To determine the mortality, hospital stay, and total hospital charges and cost of hospitalization attributable to candidemia by comparing patients with candidemia with control-patients who have otherwise similar illnesses. Prior studies lack broad patient and hospital representation or cost-related information that accurately reflects current medical practices.
Our case-control study included case-patients with candidemia and their cost-related data, ascertained from laboratory-based candidemia surveillance conducted among all residents of Connecticut and Baltimore and Baltimore County, Maryland, during 1998 to 2000. Control-patients were matched on age, hospital type, admission year, discharge diagnoses, and duration of hospitalization prior to candidemia onset.

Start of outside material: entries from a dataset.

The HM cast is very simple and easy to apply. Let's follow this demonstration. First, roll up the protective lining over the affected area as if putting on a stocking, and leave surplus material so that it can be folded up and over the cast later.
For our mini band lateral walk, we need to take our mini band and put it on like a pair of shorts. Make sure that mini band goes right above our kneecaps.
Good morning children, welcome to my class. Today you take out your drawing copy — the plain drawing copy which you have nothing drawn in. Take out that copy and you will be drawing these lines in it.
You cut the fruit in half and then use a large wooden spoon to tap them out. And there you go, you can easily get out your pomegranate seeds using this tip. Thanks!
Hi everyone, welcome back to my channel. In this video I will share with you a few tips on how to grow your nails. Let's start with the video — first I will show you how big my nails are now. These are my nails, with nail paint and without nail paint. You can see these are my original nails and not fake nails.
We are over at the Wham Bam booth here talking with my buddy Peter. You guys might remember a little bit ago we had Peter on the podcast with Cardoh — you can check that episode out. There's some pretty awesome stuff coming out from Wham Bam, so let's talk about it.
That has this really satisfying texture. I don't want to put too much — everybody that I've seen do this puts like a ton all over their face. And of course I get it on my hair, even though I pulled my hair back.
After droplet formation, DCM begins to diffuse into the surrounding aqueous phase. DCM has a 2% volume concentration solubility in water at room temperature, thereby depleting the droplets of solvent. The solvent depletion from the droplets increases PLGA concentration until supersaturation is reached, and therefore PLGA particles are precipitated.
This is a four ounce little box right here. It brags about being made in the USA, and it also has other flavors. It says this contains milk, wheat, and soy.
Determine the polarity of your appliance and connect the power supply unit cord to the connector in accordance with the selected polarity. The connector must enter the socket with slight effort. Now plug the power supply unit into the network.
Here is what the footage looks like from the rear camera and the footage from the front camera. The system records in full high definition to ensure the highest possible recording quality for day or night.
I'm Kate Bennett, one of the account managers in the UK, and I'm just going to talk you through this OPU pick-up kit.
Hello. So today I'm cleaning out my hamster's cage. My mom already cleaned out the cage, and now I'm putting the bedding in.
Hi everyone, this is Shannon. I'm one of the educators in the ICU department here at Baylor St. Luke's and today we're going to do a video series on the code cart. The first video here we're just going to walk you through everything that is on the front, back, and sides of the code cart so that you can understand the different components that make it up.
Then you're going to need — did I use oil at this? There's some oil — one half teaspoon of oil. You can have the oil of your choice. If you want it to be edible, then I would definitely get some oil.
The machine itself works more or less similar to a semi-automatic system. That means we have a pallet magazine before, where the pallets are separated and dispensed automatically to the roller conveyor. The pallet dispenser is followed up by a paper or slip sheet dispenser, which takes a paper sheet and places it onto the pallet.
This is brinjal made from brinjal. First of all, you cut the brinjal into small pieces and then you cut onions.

We identified 214 and 529 sets of matched case-patients and control-patients from the two locations, respectively. Mortality attributable to candidemia ranged between 19% and 24%. On multivariable analysis, candidemia was associated with mortality (OR, 5.3 for Connecticut and 8.5 for Baltimore and Baltimore County; P < .05), whereas receiving adequate treatment was protective (OR, 0.5 and 0.4 for the two locations, respectively; P < .05). Candidemia itself did not increase the total hospital charges and cost of hospitalization; when treatment status was accounted for, having received adequate treatment for candidemia significantly increased the total hospital charges and cost of hospitalization ($6,000 to $29,000 and $3,000 to $22,000, respectively) and the length of stay (3 to 13 days).
Our findings underscore the burden of candidemia, particularly regarding the risk of death, length of hospitalization, and cost associated with treatment (Infect Control Hosp Epidemiol 2005;26:540-547).